Did we do something wrong?  All that afternoon and evening, and from early next morning, she and her companion  play a Radio-5 type French programme at full blast from the cottage opposite the mooring so that we can hardly hear ourselves.  At one point we retaliate with some Enya, but while soothing to us it makes no impact.  We explore the village which is pretty in parts but not exceptional, and settle down for the tunnel next morning.

The Church at Heuilley-Cotton

The scenery around the tunnel is impressive.  The tunnel itself is also a marvel.  Well maintained with lighting throughout.  French colleagues moored opposite us overnight (moorings had run out by then) were off at 8.30am, so to avoid delays to others we went with them.  We followed them at 200 metres at their speed and did the whole tunnel in 48 minutes (6 kms per hour).  For the first two thirds of the tunnel there were absolutely no drips from the roof or sides, and only a few in the final third.  This was one of the easiest tunnels to navigate we have yet found.

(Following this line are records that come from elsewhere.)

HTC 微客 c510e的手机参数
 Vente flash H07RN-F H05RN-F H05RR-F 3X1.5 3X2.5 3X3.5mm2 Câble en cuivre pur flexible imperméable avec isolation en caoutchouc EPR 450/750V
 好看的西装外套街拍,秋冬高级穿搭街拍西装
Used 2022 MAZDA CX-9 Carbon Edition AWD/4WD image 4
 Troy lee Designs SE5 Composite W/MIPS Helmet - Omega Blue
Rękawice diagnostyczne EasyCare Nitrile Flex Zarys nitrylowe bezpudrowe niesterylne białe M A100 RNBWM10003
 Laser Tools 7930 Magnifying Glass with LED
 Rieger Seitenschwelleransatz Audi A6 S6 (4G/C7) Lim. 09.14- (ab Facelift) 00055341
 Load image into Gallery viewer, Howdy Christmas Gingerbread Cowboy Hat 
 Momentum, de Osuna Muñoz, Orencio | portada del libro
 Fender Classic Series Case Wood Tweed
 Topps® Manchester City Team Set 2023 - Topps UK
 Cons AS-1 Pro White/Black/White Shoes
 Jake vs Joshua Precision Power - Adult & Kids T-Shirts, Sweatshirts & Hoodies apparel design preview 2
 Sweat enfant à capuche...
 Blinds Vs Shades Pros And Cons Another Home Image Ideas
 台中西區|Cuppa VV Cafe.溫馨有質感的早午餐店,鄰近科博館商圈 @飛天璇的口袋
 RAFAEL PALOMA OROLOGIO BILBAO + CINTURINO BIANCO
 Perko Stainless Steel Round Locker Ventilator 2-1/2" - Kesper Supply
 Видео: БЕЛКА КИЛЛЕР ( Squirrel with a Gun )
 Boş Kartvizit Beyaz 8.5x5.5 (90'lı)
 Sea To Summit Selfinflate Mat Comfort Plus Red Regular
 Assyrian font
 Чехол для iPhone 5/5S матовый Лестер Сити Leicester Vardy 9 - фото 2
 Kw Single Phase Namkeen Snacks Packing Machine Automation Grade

Entering the Tunnel at Balesmes


Emerging at Langres

The Beauty and Grandeur of Langres

And so we had arrived at our first major destination.  We had exchanged texts and calls the evening before with Eliane, who now had visitors from the States and sadly could not now join us for a meal on Friday evening.  But we arranged to meet Saturday morning, and she, Mia and Vern came down for a look over the boat before they set off for Dijon.  She had been so helpful and friendly to us (yet again).  David collected the car and that afternoon he with Chris and Linda set off back to Auxonne to collect our car.

Glyn was going to have a doze, but set off tidying and cleaning.  With everything off the boat, and now chatting to the neighbours as is his wont, suddenly the skies darken.  We had had nothing but beautiful weather this trip, but now storm really threatened.  Indeed no sooner had he got everything on board, brought in the washing, and fastened down the covers, than it lashed in with heavy rain and driving winds.
David, Chris and Linda were meanwhile driving back from Auxonne, and on the high road from Dijon were confronted with the rains but worse the driving wind.  They arrived back just after 5pm, wondering what had hit them.

By then though the storm was softening, and by 7pm it was hardly possible to believe it had happened.  After supper we had one of the most beautiful sunsets – red sky as ever you would want – you might ever see.

Sunset at Langres

Sunset Behind Trees

Friday was a shopping day.  We went to the market in the morning, and supermarket shopping after that.  We just took it gently.

Saturday we visited Eliane, found the Post Office, and found a shop a wonderful shop with oils, cheese and wine, as well as a visit to the cathedral.   In the afternoon we took the “petit train” tour of Langres.  Very touristique, but we would recommend it to anyone.   The sights from the ramparts are just amazing.  The town itself is glorious, perched high above the upper Marne valley, and well worth fitting in to any visit to France.  This year they are marking the tercentenary of Diderot, one of its famous sons.  And after the train David just couldn’t but think this might be a nice way to earn a living.

Diderot surveys his encyclopaedic roots at Langres

From the Ramparts at Langres

The Lac de la Liez – also from the Ramparts

Oh To Be A Train Driver (044)

After the tour David and Chris insisted on taking us out for an evening meal, and we visited an excellent restaurant recommended by Eliane at the Lac du Charme.  This rounded off a wonderful stay at Langres, and a beautiful week on the Canal de Heuilley (Er-E-Ay).